Старик засветил коптилку, зачерпнул в ковше воды из ведра, подал Василию.

– На, чудотворец вшивый. Вдарил бы, да рук поганить не желаю. А завтра уматывай. Не стану я с такой контрой жить под одной крышей.

Елизар залез на печку, долго сердито ворчал. Ночью слез, растолкал больного Василия, бессвязно забормотал:

– Тонем, братцы... Лодку на берег несет, на скалы... Спасите... А-а-а...

И упал возле лавки.

Был конец весны, щедрое время. Все залито солнцем, поросло молодой зеленью, снег остался только в хребтах да на озере. Хотя и озеру пора была разойтись.

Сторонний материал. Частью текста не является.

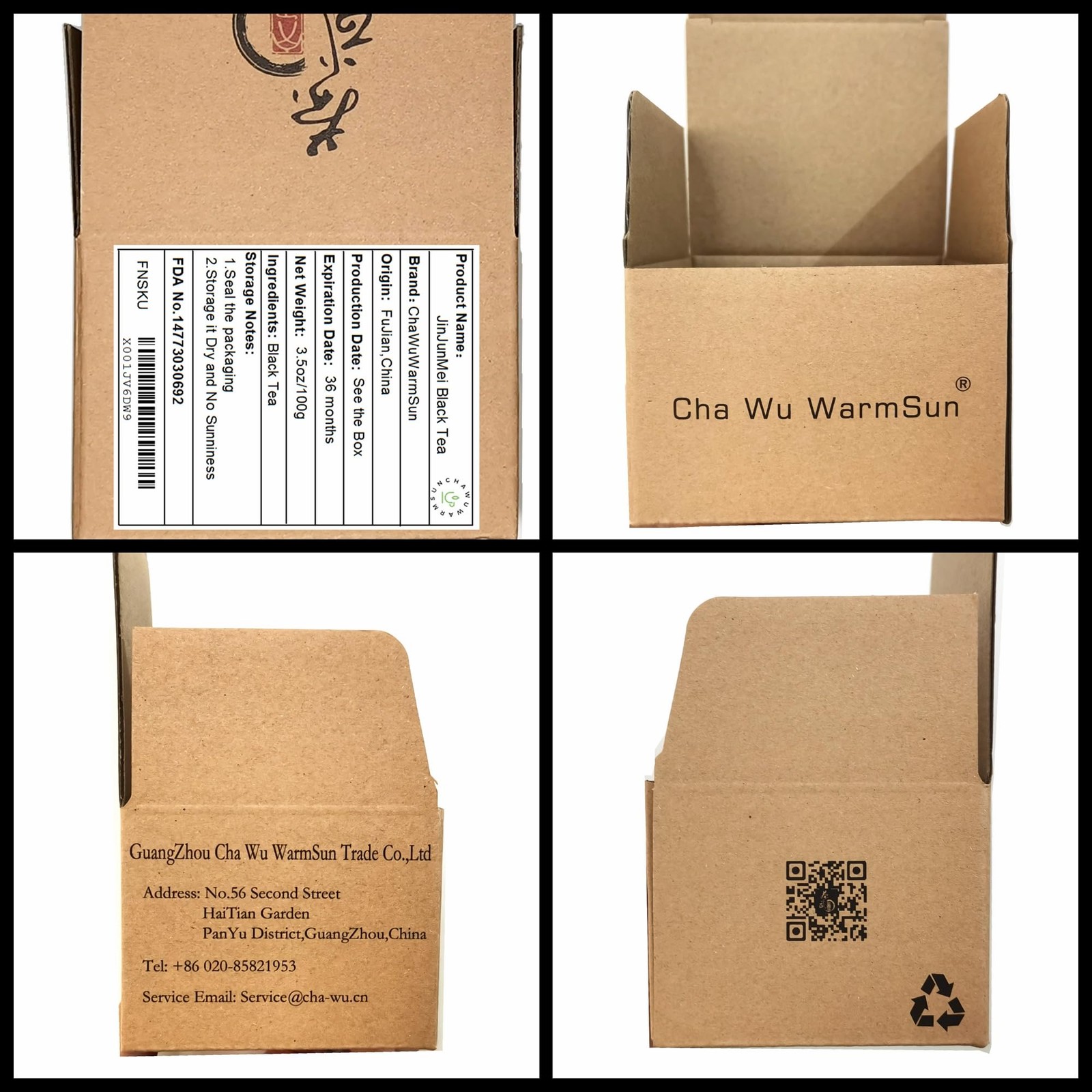 JinJunMei Black Tea Loose Leaf 100g 3.5oz Chinese Hong Cha Authentic Flavor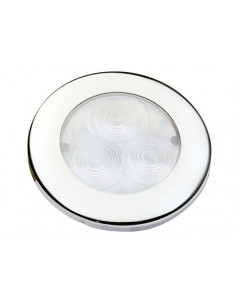 Luce Impermeabile LED Round Flush Inox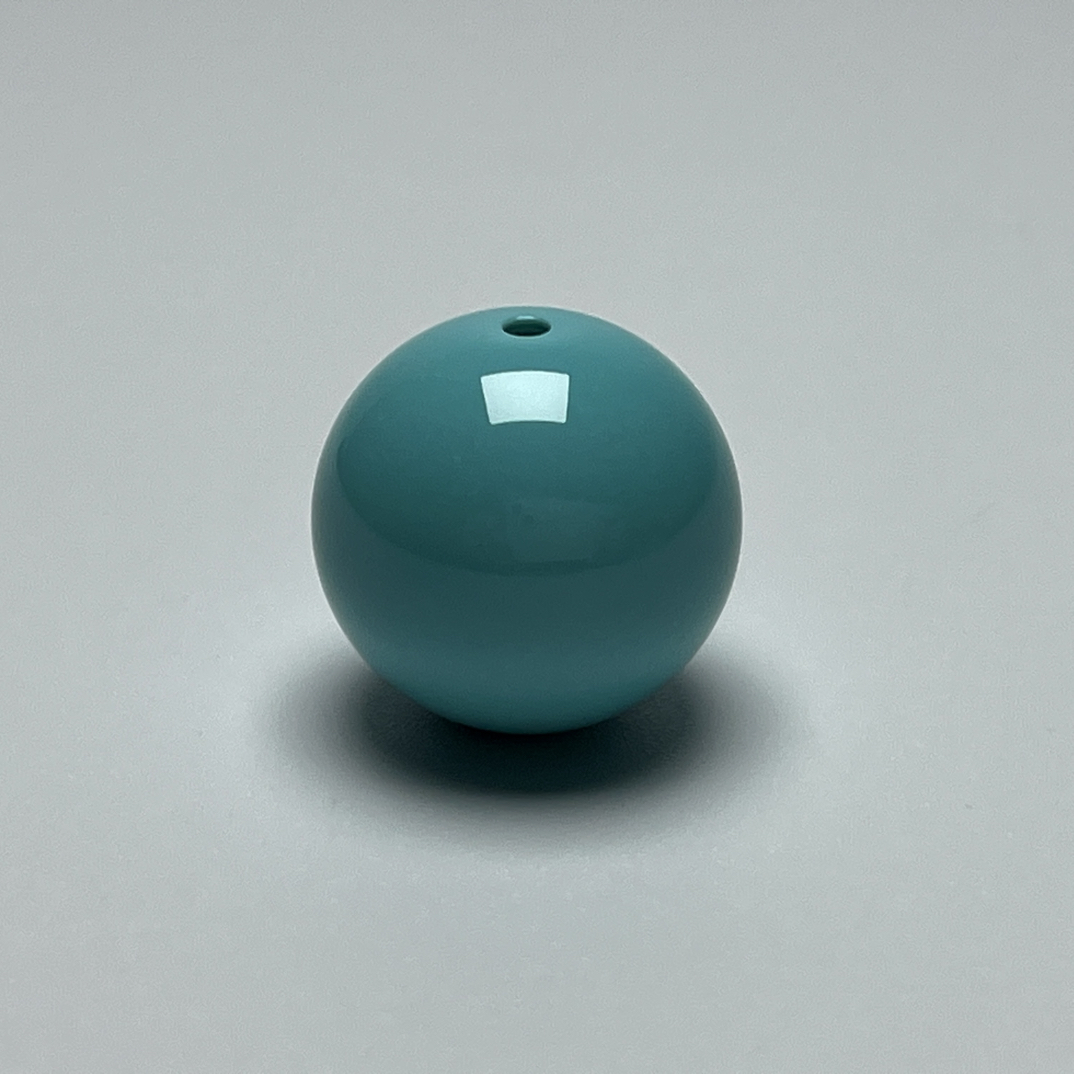 世泽岀品湖北十堰天然原矿绿松石精品玉化云盖蓝圆珠手工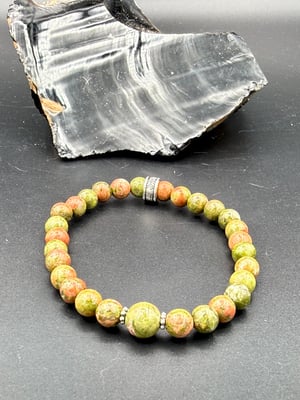 6mm Unakite Stretch Bracelet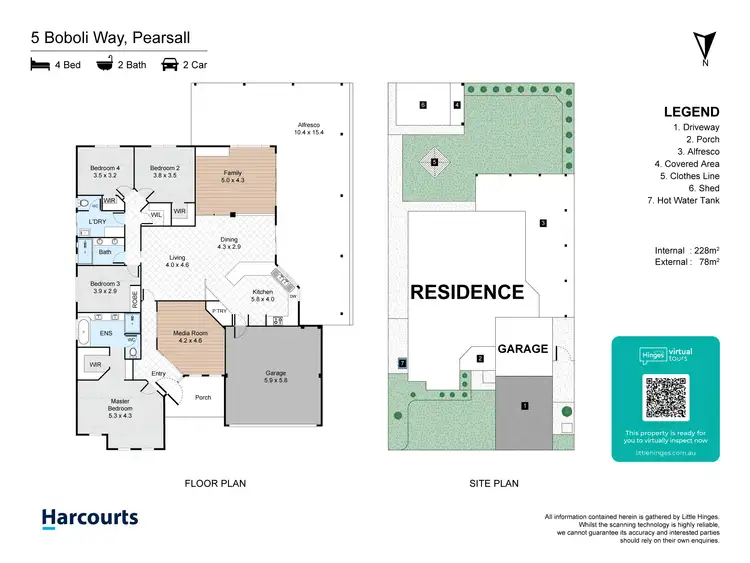 Floorplan of Homely house listing, 5 Boboli Way, Pearsall WA 6065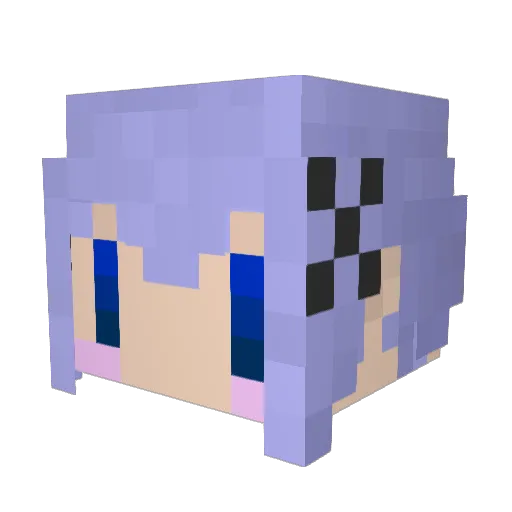 noaYJ Minecraft avatar head, 3D render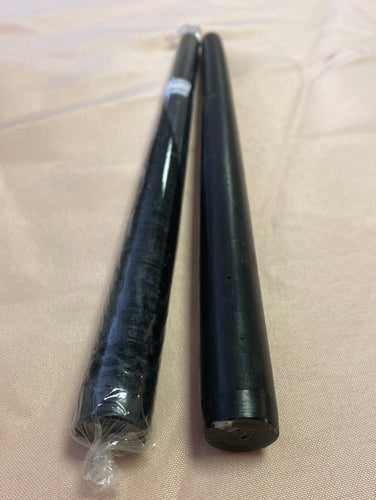 K&K-E Black Taper Candle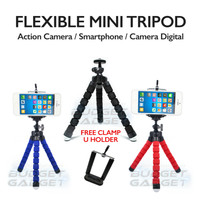 Jual Gorillapod / Gorilapod Spider Flexible Tripod + U Holde Diskon Murah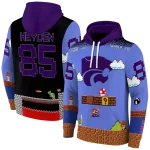 customized kansas state wildcats mario blue black hoodie best selling
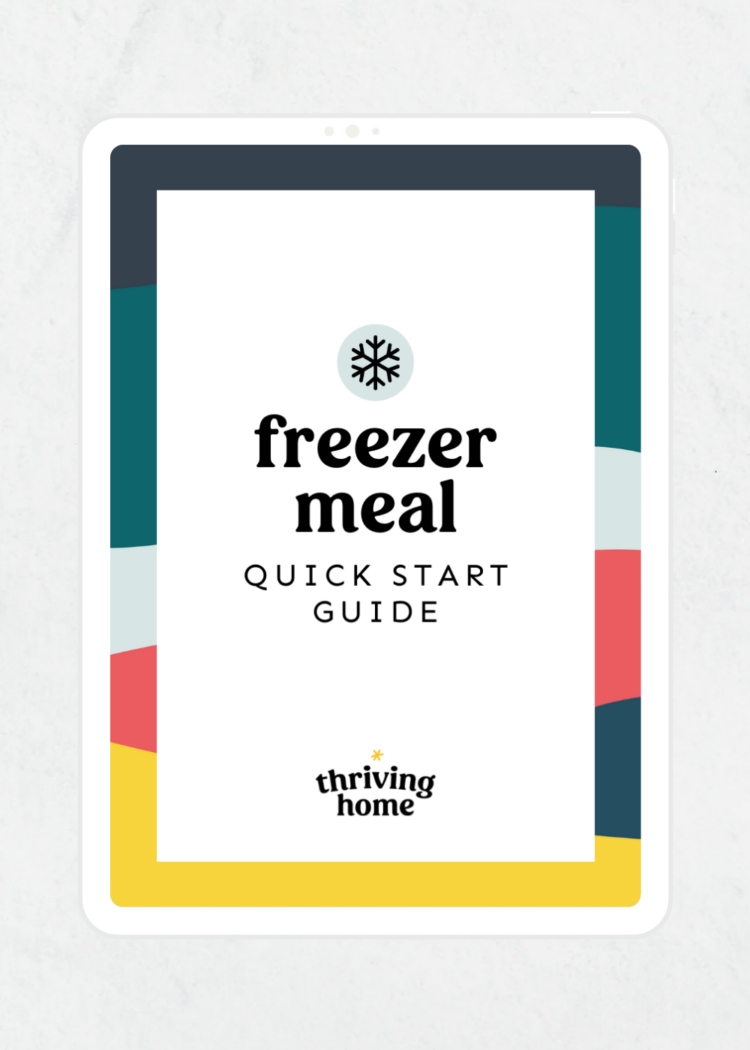 freezer meal quick start guide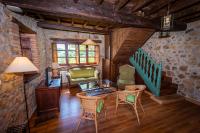 Posezení v ubytování La Casona de Soviña
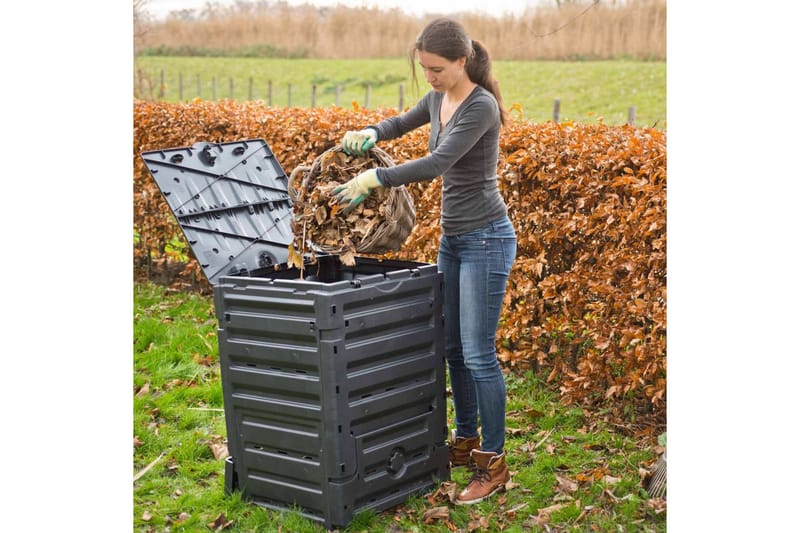 Nature kompostbeholder 300 L sort - Sort - Varmkompost & kompostbeholder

Чуть не вся деревня брала воду в проруби, которая за домом дедушки Елизара. Прорубь далеконько от берега, лед сверху растаял, на него набросали жердья, горбылей. Антонида побежала утром с ведрами и вернулась без воды: ночью ветер унес льдину вместе с досками и прорубью, а с берега ведром не зачерпнешь. На второе утро льдину притащило назад и поставило, как была раньше. Антонида и Луша долго смеялись: больно здорово получилось!

Антонида каждый день прибегала к Луше, рассказывала все, что узнавала дома о боях с белыми, приносила хорошие книжки про советскую власть, читала Луше, как надо бороться с гидрой мировой контрреволюции, собиралась убежать к партизанам.

– Луша, милая, давай подговорим девчат, мы же взрослые, – горячо шептала Антонида. – Добудем оружие, станем помогать большевикам. В городе все гимназисты ушли на фронт.

– За красных? – спрашивала Луша.

– Не все. Богатые за белых. А мы будем за красных.

– Тебе тятька не дозволит.

– Я никого не буду спрашиваться, меня никто не посмеет задержать. – Антонида гордо тряхнула головой. – «Весь мир насилья мы разрушим...» В городе сказали – нам надо организоваться. У нас в гимназии кружки были. Интересно. Шум, крик, речи... Эсеры приходили, меньшевики. Даже красный комиссар был, с револьвером. Рассказывал про революцию, он был в Петрограде, когда царя свергали. Вот говорил! Все слушали, как завороженные. На другой день три наших девушки ушли в партизанский отряд... – Антонида тихонько смахнула слезу: – Люся, со мной вместе училась, погибла в бою. Ее похоронили как солдата, в братской могиле. Прекрасная смерть.